A UAE-based company has opened self-serve access to neofashion.ai, an AI platform built to generate product photography, video and campaign assets for fashion brands. Developed by Fipera and launched from Ajman, the service already moved through a private beta in which three global apparel labels used it for live production work, including on-model shots, e-commerce packshots and short campaign videos created from their existing product images.
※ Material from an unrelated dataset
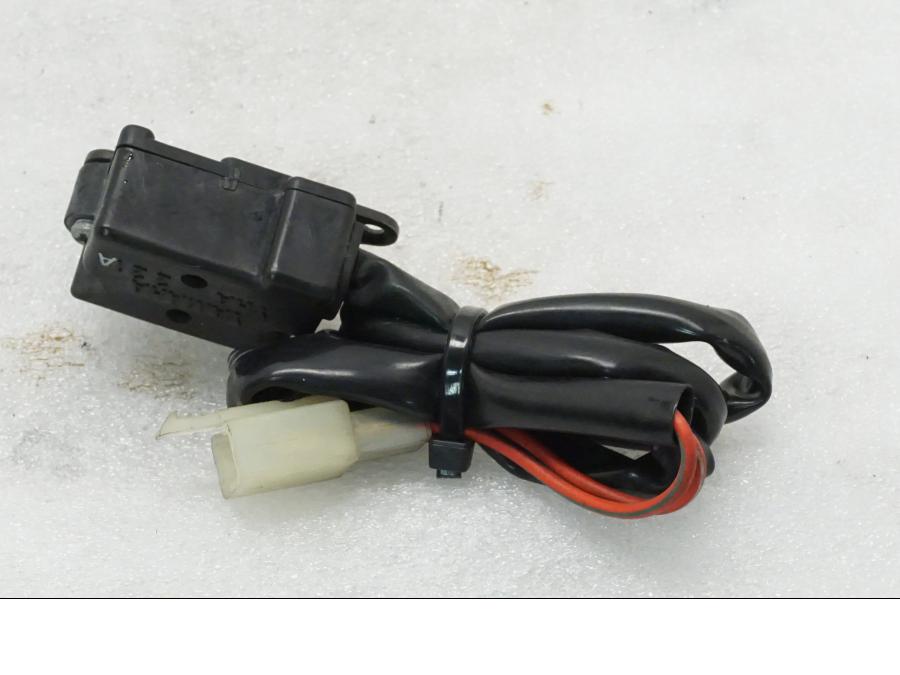 Baksidan på Bensinreservkontakt från en Yamaha XV 535 -1999 motorcykel.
The system is structured around private workspaces. Each brand uploads its own product references, preferred model looks and style guidelines, then uses those materials to condition every new generation. The company states that one customer’s images and settings remain isolated and are not shared or used to train outputs for another. Modules cover the common production needs of fashion retailers: on-model photography, sketch-to-photo conversion, flat lays and cut-outs, studio-style packshots, campaign video, and batch tools for seasonal collections. A native Shopify integration allows merchants to generate and attach imagery directly from their store catalogs.
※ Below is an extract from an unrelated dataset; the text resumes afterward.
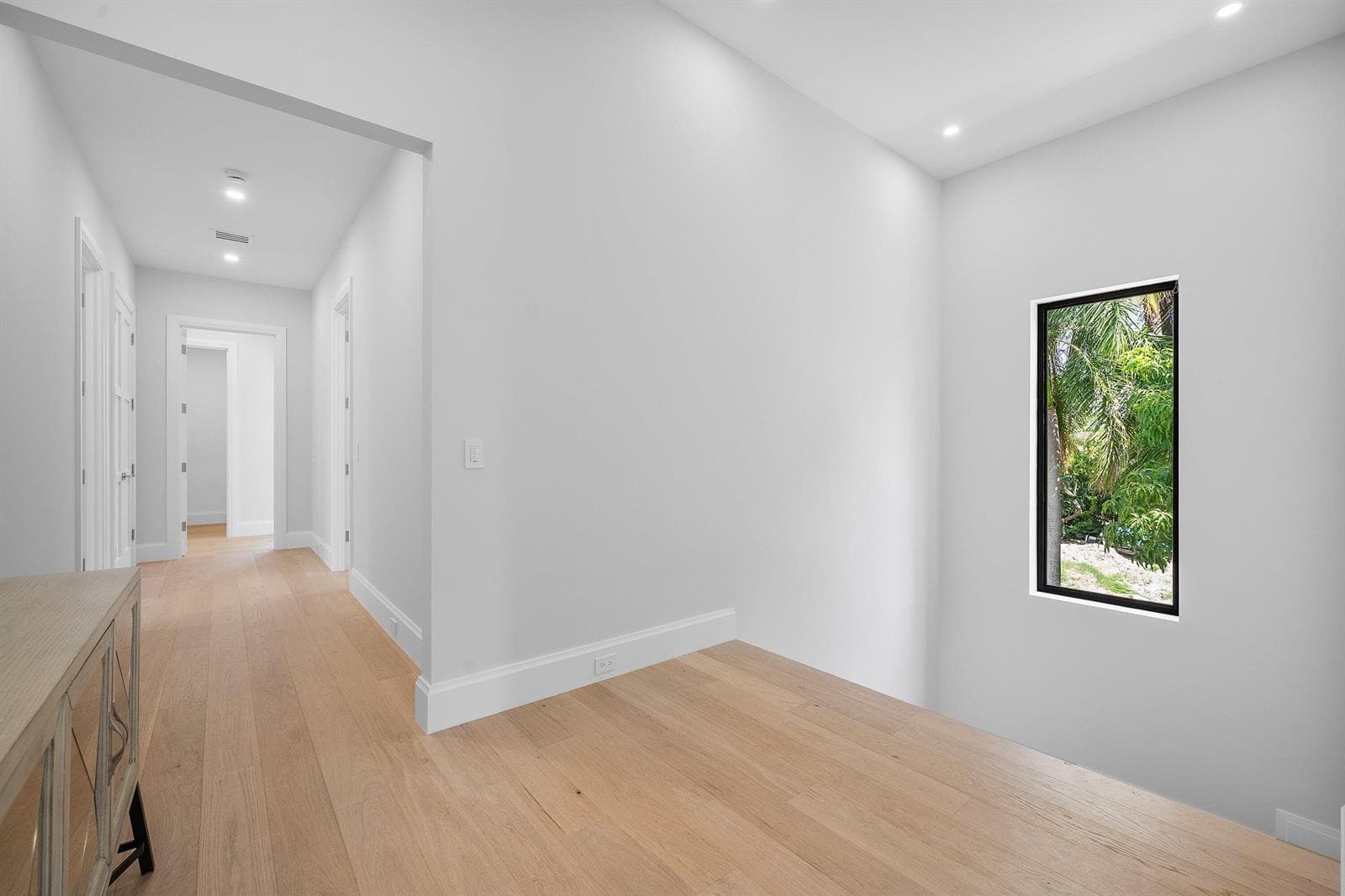 024-725Southeast4thAvenue-DelrayBeach-FL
Pricing is credit-based with a free tier, removing the need for sales calls or volume commitments. Independent boutiques can begin the same day they register; larger retailers move to paid plans and enterprise customers can add fine-tuning controls, API access and formal service agreements. The platform was designed and engineered in the UAE and is presented as part of the country’s broader effort, under the National AI Strategy 2031, to develop exportable AI tools rather than simply adopt them. Fipera is now speaking with strategic and institutional investors about expanding enterprise reach across the Gulf, Europe and Asia.
AI tools for fashion imagery have multiplied in recent years, promising lower costs and faster turnaround than traditional studio shoots. Consistency of fabric drape, color accuracy and brand-specific casting remains a practical difficulty for many systems, and neofashion.ai’s emphasis on private reference conditioning is an attempt to address that gap. Whether the outputs hold up under close retail scrutiny, especially for high-end or highly textured garments, will determine how widely the service is adopted beyond early users. Cost savings are real for catalog-scale work, yet they come with the usual trade-offs of generative systems: reduced control over every detail and the need for human review before final publication.
Founder Ali Alkan has framed the problem as one of consistency and expense rather than creativity. The commercial launch will test whether a self-serve, reference-driven approach can deliver reliable results for both small labels and larger apparel groups at the speed and price point the market now expects.